● Task to complete:
Repeat nothing but the lines below running from the one containing "ragazza indossa maglietta" to the one containing "Bajaj Discover 125 2015". Keep both end lines.

(Stored items)

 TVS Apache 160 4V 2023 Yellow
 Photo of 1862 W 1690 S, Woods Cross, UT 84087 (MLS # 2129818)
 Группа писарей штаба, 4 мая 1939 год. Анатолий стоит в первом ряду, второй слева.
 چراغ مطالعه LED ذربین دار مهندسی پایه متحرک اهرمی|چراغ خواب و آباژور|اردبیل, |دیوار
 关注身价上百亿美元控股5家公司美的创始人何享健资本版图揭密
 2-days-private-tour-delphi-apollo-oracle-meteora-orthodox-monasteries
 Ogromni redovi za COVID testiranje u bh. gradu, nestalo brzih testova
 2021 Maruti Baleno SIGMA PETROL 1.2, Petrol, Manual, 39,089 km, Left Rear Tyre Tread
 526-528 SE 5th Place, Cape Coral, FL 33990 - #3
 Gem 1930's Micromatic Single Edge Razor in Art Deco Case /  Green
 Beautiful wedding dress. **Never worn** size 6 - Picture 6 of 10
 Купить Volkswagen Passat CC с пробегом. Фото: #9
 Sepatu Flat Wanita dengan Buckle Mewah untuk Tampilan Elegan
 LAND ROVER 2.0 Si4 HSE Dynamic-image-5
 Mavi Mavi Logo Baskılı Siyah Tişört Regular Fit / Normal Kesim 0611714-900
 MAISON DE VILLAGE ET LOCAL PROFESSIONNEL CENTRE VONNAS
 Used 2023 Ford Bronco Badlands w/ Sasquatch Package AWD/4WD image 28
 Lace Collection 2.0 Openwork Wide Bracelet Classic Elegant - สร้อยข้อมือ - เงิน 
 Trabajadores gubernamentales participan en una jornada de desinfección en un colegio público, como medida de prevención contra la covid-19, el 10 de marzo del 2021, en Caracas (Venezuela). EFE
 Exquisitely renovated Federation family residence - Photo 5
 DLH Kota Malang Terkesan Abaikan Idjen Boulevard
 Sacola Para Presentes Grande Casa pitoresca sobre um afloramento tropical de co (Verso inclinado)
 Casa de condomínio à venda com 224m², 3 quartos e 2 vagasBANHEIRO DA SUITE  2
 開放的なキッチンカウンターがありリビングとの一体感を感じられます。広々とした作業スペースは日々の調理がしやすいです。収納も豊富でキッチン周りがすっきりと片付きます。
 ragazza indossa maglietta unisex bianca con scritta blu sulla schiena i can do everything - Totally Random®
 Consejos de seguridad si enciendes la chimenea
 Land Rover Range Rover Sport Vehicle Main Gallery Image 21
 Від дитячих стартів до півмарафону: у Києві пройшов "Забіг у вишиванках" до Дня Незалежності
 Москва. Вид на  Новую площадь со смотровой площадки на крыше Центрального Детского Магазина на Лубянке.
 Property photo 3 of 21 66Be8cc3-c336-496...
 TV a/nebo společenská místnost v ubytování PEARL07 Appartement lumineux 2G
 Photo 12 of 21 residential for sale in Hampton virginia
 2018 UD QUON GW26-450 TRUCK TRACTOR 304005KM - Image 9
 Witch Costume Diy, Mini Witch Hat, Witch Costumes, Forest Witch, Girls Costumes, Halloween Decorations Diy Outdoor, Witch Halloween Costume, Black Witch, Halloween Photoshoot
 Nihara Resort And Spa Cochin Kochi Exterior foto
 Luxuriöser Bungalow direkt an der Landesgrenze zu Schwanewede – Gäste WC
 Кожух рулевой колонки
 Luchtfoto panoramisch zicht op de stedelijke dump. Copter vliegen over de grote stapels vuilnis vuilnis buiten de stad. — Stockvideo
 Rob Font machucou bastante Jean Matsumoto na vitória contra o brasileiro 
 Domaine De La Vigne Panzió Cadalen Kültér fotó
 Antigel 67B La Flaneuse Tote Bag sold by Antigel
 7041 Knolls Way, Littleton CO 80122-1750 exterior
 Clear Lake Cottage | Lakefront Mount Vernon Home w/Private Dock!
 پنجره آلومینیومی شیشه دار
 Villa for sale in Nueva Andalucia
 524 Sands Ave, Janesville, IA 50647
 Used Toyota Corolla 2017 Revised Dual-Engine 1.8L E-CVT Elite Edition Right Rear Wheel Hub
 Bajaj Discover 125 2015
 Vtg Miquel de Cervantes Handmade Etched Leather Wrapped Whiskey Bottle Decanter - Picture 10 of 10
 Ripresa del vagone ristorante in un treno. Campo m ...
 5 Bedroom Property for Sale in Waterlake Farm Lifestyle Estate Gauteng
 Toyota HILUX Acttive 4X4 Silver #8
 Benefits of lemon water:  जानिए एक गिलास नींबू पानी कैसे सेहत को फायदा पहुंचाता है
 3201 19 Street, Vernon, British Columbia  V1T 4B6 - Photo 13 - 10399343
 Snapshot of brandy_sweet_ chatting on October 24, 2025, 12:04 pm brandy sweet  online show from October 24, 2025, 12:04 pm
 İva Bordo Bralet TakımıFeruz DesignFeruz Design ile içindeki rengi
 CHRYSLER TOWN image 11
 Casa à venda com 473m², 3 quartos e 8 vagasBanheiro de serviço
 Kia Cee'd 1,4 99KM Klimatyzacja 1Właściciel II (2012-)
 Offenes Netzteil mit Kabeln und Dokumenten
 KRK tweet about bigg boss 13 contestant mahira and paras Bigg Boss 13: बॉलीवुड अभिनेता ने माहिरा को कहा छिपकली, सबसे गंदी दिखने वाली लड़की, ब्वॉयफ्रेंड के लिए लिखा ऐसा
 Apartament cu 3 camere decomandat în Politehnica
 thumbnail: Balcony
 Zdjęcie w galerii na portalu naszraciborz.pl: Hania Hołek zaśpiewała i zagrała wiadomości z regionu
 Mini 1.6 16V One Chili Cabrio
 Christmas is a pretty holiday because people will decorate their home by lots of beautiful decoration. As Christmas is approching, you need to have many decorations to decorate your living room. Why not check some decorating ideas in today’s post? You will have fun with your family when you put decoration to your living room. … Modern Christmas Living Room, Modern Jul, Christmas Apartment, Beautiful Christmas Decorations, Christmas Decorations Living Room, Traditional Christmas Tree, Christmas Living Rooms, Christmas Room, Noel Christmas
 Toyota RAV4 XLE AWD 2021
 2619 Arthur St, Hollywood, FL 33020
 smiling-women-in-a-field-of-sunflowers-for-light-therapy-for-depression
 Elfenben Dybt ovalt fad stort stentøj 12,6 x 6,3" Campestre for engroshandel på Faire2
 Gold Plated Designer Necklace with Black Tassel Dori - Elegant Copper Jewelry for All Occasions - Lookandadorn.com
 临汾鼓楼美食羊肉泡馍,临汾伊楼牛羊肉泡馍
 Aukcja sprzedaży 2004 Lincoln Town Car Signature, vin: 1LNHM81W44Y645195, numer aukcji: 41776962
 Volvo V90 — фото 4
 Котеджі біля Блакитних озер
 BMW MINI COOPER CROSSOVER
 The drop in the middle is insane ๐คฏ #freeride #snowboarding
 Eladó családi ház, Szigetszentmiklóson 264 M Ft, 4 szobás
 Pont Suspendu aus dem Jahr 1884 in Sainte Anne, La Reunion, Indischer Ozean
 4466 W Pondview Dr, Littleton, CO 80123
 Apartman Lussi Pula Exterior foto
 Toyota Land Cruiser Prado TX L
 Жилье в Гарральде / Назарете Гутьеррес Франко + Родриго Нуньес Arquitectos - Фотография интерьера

● Output of the exercise:
 ragazza indossa maglietta unisex bianca con scritta blu sulla schiena i can do everything - Totally Random®
 Consejos de seguridad si enciendes la chimenea
 Land Rover Range Rover Sport Vehicle Main Gallery Image 21
 Від дитячих стартів до півмарафону: у Києві пройшов "Забіг у вишиванках" до Дня Незалежності
 Москва. Вид на  Новую площадь со смотровой площадки на крыше Центрального Детского Магазина на Лубянке.
 Property photo 3 of 21 66Be8cc3-c336-496...
 TV a/nebo společenská místnost v ubytování PEARL07 Appartement lumineux 2G
 Photo 12 of 21 residential for sale in Hampton virginia
 2018 UD QUON GW26-450 TRUCK TRACTOR 304005KM - Image 9
 Witch Costume Diy, Mini Witch Hat, Witch Costumes, Forest Witch, Girls Costumes, Halloween Decorations Diy Outdoor, Witch Halloween Costume, Black Witch, Halloween Photoshoot
 Nihara Resort And Spa Cochin Kochi Exterior foto
 Luxuriöser Bungalow direkt an der Landesgrenze zu Schwanewede – Gäste WC
 Кожух рулевой колонки
 Luchtfoto panoramisch zicht op de stedelijke dump. Copter vliegen over de grote stapels vuilnis vuilnis buiten de stad. — Stockvideo
 Rob Font machucou bastante Jean Matsumoto na vitória contra o brasileiro 
 Domaine De La Vigne Panzió Cadalen Kültér fotó
 Antigel 67B La Flaneuse Tote Bag sold by Antigel
 7041 Knolls Way, Littleton CO 80122-1750 exterior
 Clear Lake Cottage | Lakefront Mount Vernon Home w/Private Dock!
 پنجره آلومینیومی شیشه دار
 Villa for sale in Nueva Andalucia
 524 Sands Ave, Janesville, IA 50647
 Used Toyota Corolla 2017 Revised Dual-Engine 1.8L E-CVT Elite Edition Right Rear Wheel Hub
 Bajaj Discover 125 2015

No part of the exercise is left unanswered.